The init process isn't easily cancellable at the moment so this is a simpler way of ensuring that you don't end up with an object that appears closed but does have a receiver link open. I'll be posting a PR for this sometime today after some more testing.

On re-reading the issue, I did have a question about something you wrote earlier about making createReceiver() async:

It's a breaking API, createReceiver is currently lazy and this might break stuff due to unhandled promise rejections.

Can you elaborate more on the "unhandled promise rejections" part? Is the concern that users might not realize they're getting back a Promise? Or something else?

Just for some information - in the newer version of the library (7.0.0-preview.2) our plan is to make createReceiver() async (this is already done for createSender() and createSessionReceiver()). This means the link will be active and ready immediately rather than waiting for first operation.
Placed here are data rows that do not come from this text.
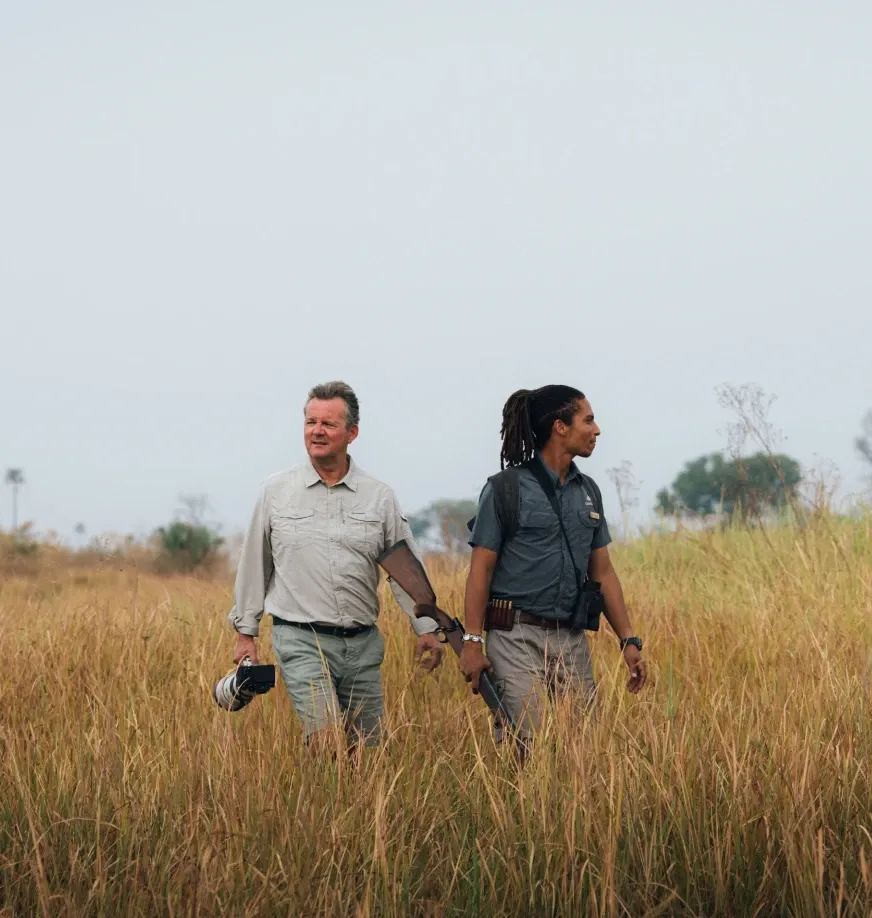 Guest on a walking safari in the Okavango Delta with a guide from Daunara Safari Camp, holding a camera to photograph wildlife.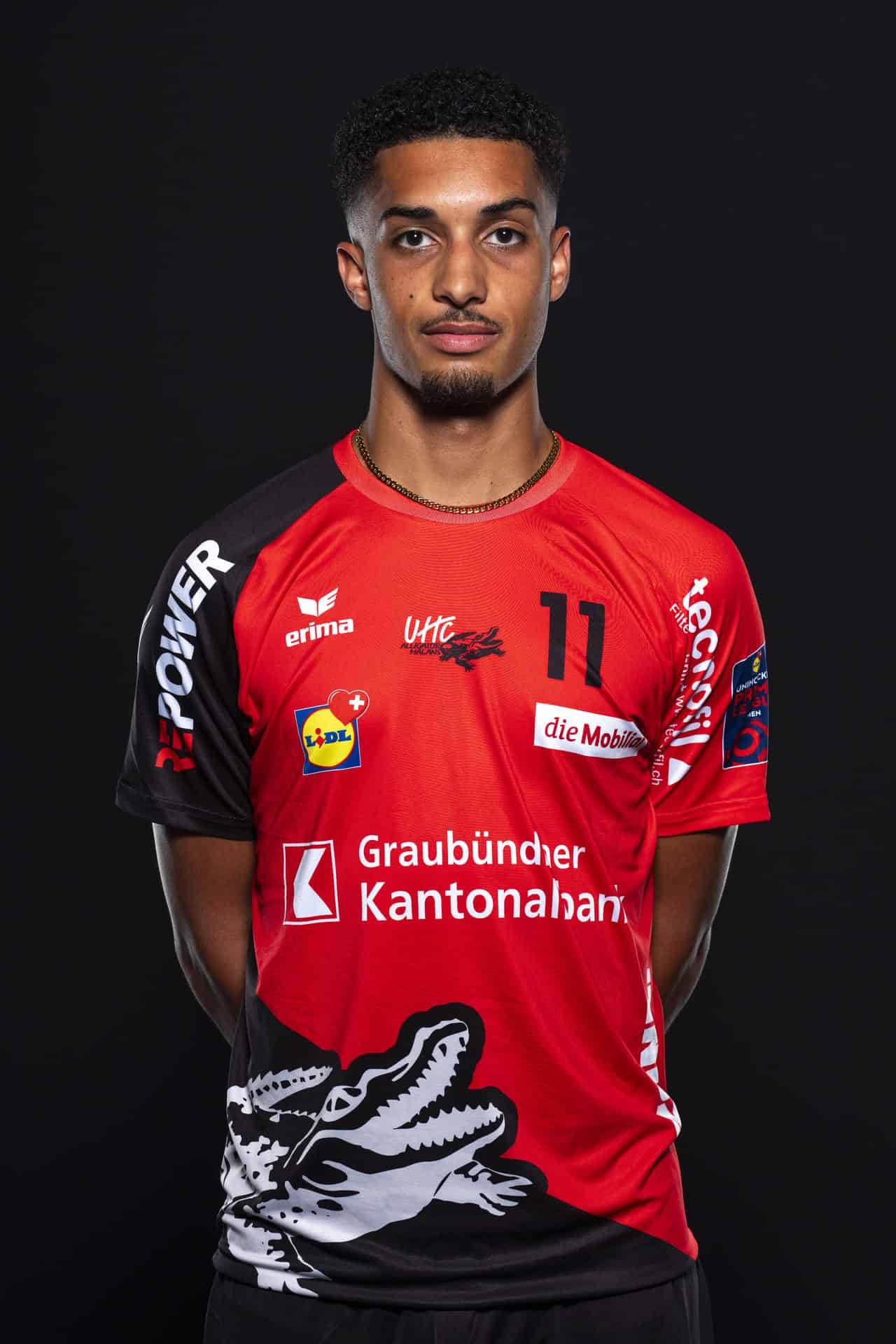 UHC Alligator Malans Volleyballspieler in Teamtrikot mit Logo, Sponsoren und Nummer 11, professioneller Auftritt, Schwarz Hintergrund, Sport, Mannschaft, Spiel.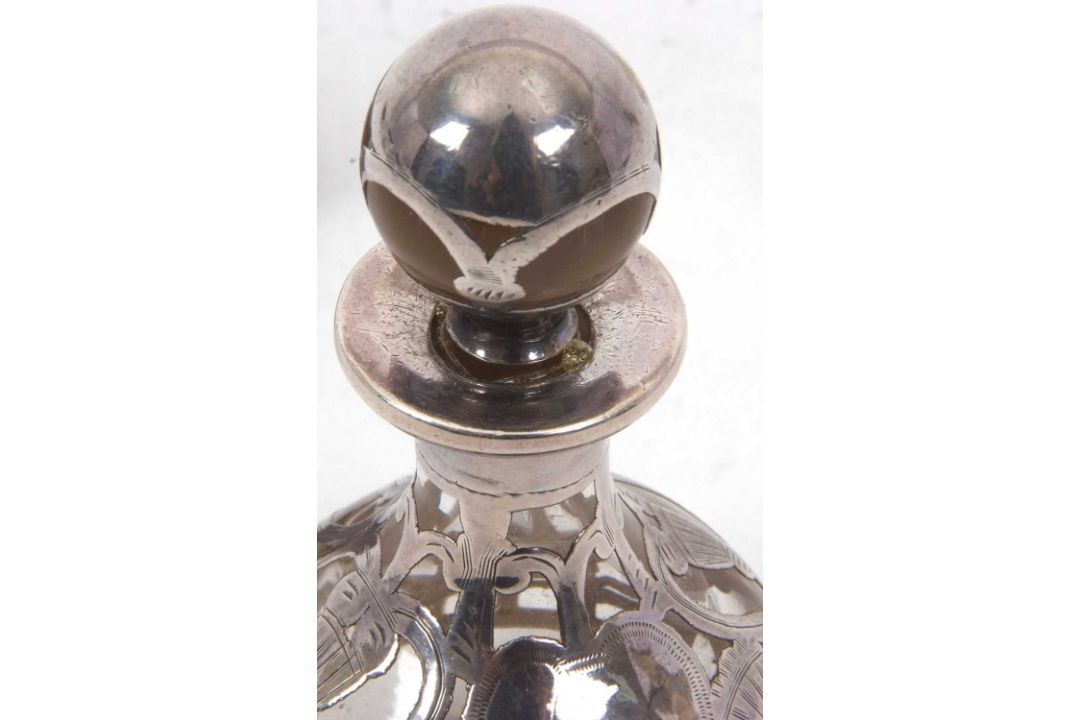 A Lalique, France Nina Ricci mini perfume bottle of wrythen turned form with a glass dove stopper, - Image 3 of 3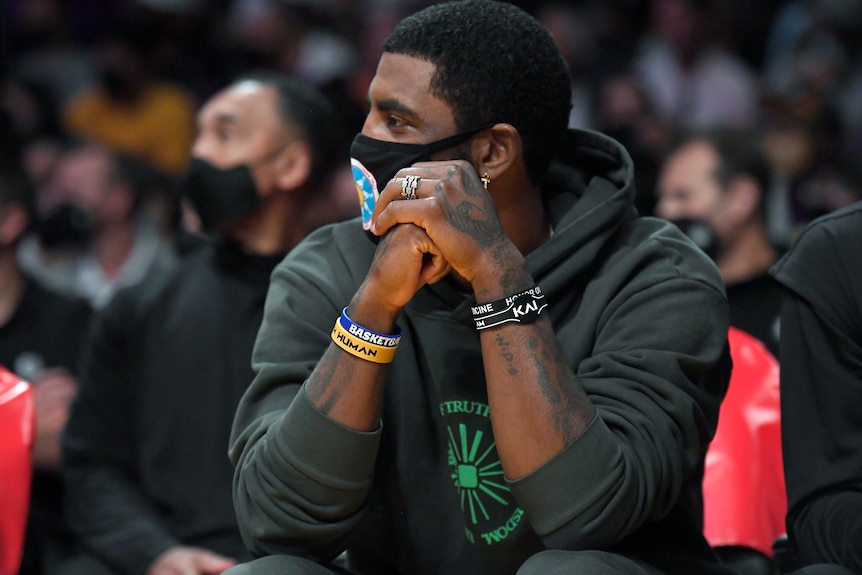 Kyrie Irving wearing a hoodie and a facemask.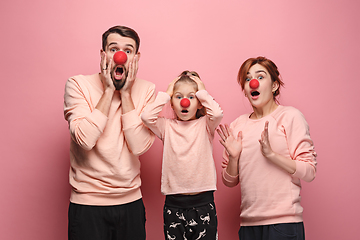 Image showing Portrait of young family celebrating red nose day on coral background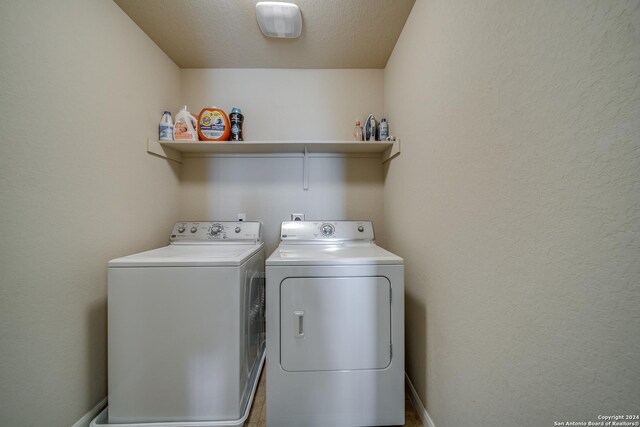 washroom featuring washer and dryer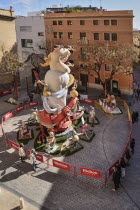 Spain, Valencia Province, Valencia, Papier Mache falla scene with onlookers viewing a giant figure of a lady  in the street at Torres de Quart during Las Fallas festival.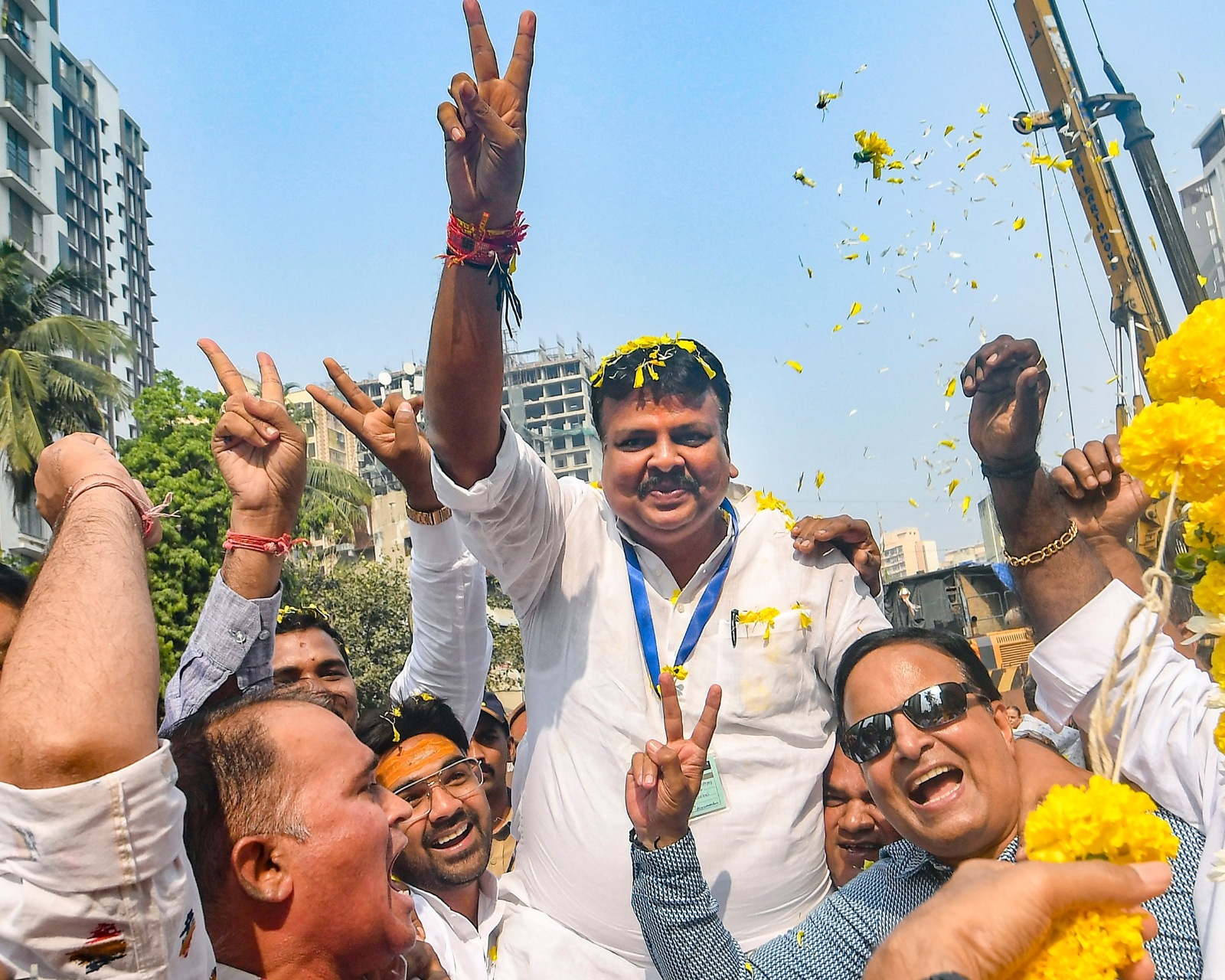 BJP candidate Sanjay Upadhyay celebrates with his followers following the Maharashtra Assembly election vote count after securing a commanding lead. (Photo credit: PTI)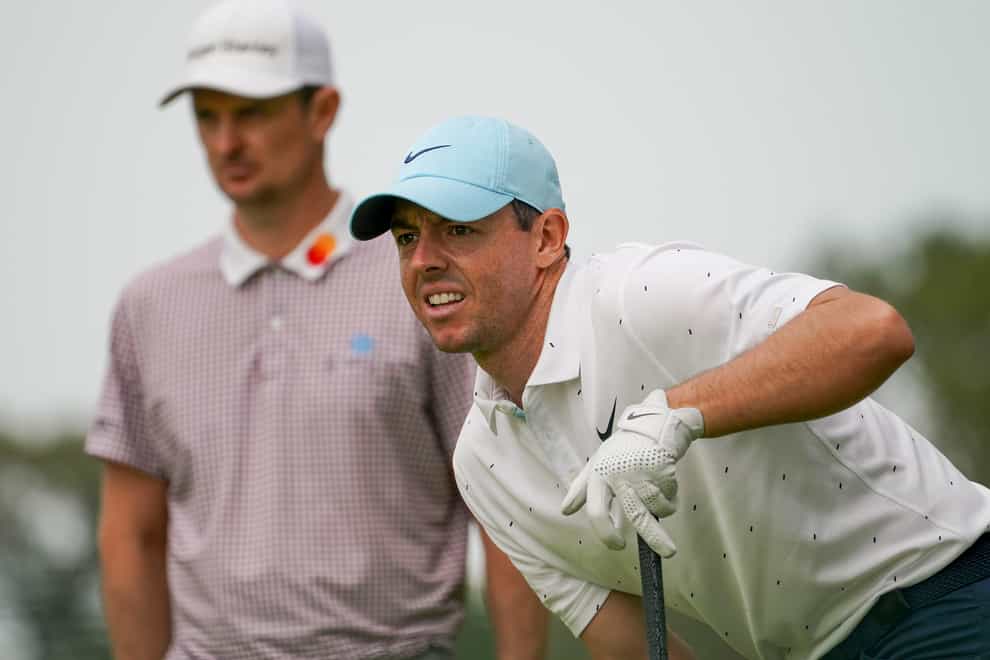 Rory McIlroy (right) carded an opening 67 in the US Open at Winged Foot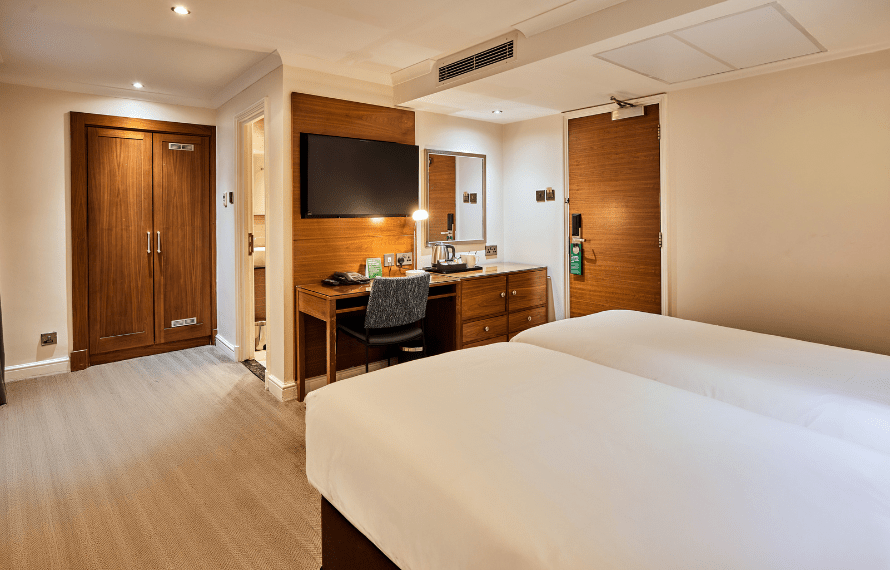 Twin beds, desk and TV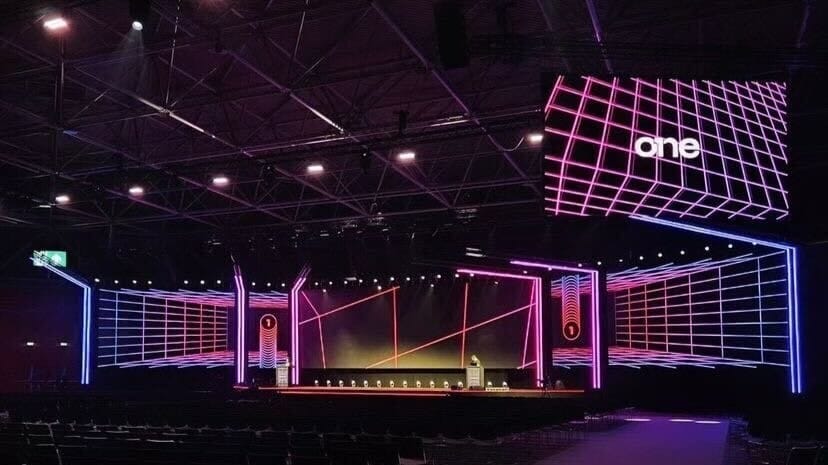 Stage with neon grid design and one branding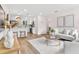 Bright and open living room featuring modern decor and hardwood flooring with kitchen view at 411 37Th S St, St Petersburg, FL 33711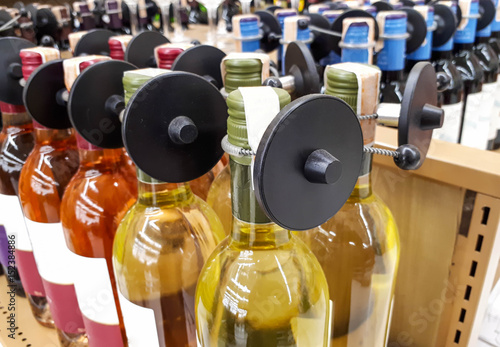 Fotografie RFID hard tag isolated - Shoplifting and anti-theft system - Electronic Article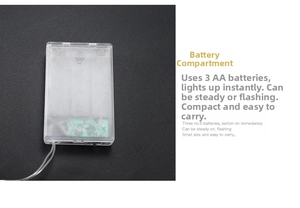 Macro detail of 3 AA battery box for LED string lights with dual flash and steady modes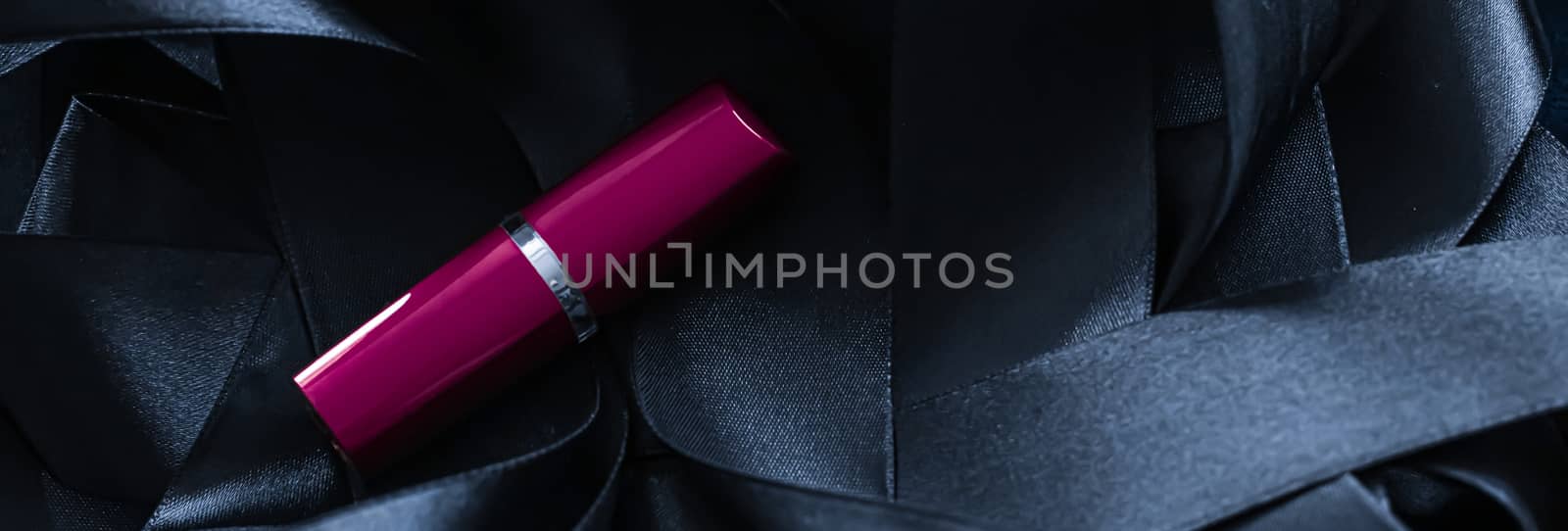 Purple lipstick on black silk background, luxury make-up and bea by Anneleven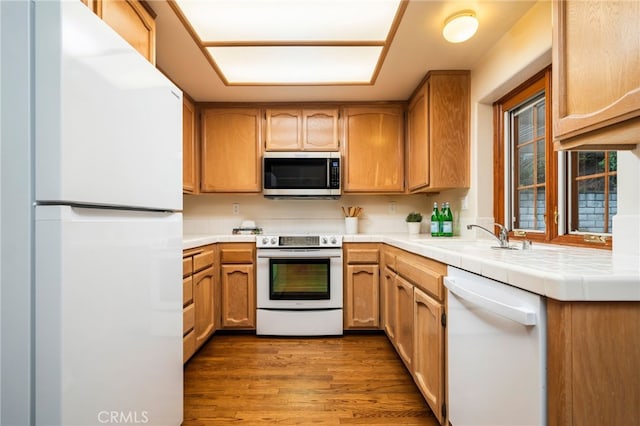 kitchen featuring sink, white appliances, tile countertops, and light wood-type flooring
Our goal is to move initialization higher in the stack so the usage model will be simpler - if you have a Receiver (or Sender) the object is live and ready to be used.

BTW, implementing a lazy strategy will still be possible - ServiceBusClient itself will remain a lazy initialized object.

shlomiassaf commented 4 years ago

Yes, since createReceiver() returns void and changing it to return a promise will not break anything in the user applications.

I guess that with such a huge change moving from 1 to 7, this should pass without much noise but not sure that all of the consumers will refactor their code so it will handle that promise...

ramya-rao-a commented 4 years ago

Update:

There are no planned changes for v1 of the Service Bus package
In the new v7 of the Service Bus package, we are exploring alternatives to make the streaming receive mode be more deterministic.

Thanks for your time & patience!